Court of Appeals of South Carolina
Apr 10, 2000
339 S.C. 649 (S.C. Ct. App. 2000)

Summary

holding that an issue which is not supported by authority or sufficiently argued is not preserved for appellate review

Summary of this case from Langehans v. Smith

Opinion

Opinion No. 3150.

Heard March 8, 2000.

Filed April 10, 2000.

Appeal From Richland County Barry W. Knobel, Family Court Judge.

Wesley W. Bales, of Columbia, for appellant.

Eddye L. Lane, of Columbia, for respondent.

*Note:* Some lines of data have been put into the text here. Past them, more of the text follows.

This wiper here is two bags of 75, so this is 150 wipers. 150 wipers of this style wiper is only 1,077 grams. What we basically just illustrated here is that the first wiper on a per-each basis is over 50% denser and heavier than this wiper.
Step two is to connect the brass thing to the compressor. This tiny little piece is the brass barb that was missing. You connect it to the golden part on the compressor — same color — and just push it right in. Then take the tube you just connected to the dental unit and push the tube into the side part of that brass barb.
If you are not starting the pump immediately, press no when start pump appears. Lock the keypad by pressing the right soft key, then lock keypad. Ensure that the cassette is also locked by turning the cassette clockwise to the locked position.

This is an appeal from a family court order declining to hold Angel Tirado (Husband) in contempt and refusing to require him to reimburse Luz C. Tirado (Wife) for monies paid to him as military disability pay. We affirm.

FACTS/PROCEDURAL HISTORY

Husband and Wife were married in December 1968 and divorced in February 1994. At the time of the divorce, Husband was retired from the military with a disability rating of 10%, and received retirement benefits of $1,157.00 per month. The decree of divorce approved and incorporated a settlement between the parties whereby Husband agreed to pay Wife one-half of his "military retirement pay," to begin immediately upon sale of the marital residence. Pursuant to the agreement, the Defense Finance and Accounting Service (DFAS) was to disburse the payments directly to Wife each month from Husband's retirement account.

The parties' agreement erroneously referred to DFAS as the "Military Retired Pay Center."

Following the divorce DFAS commenced sending Wife a monthly check for $578.50. Over the next four years, Wife consistently received her monthly payments, occasionally realizing slight increases in the amount due to cost of living allowances. In early 1998, however, Husband was declared 40% disabled, a significant increase from his previous impairment rating of 10%. Thereafter, on April 1, DFAS notified Wife that future disbursements from Husband's retirement account would decrease in accordance with Husband's recently-increased disability status. As a result, Wife's DFAS check for the month of April 1998 reflected a reduced payment, from $591.98 to $483.48. The next month DFAS again reduced the amount of Wife's check to $444.48.

Veterans receiving retirement pay may apply for disability benefits if they are rendered disabled as a result of military service. However, "[i]n order to prevent double dipping, a military retiree may receive disability benefits only to the extent that he waives a corresponding amount of his military retirement pay." Mansell v. Mansell, 490 U.S. 581, 583 (1989). Since disability benefits are exempt from federal, state, and local taxes, military retirees prefer, when possible, to waive retirement pay in favor of disability benefits in order to increase their after-tax income. Price v. Price, 325 S.C. 379, 383, 480 S.E.2d 92, 94 (Ct.App. 1996) (citing Mansell, 490 U.S. at 583-584). Accordingly, because DFAS calculates Wife's one-half share of Husband's retirement pay and sends it directly to her, Husband's post-divorce waiver of retirement pay in favor of increased disability benefits resulted in an automatic, corresponding reduction in Wife's DFAS check.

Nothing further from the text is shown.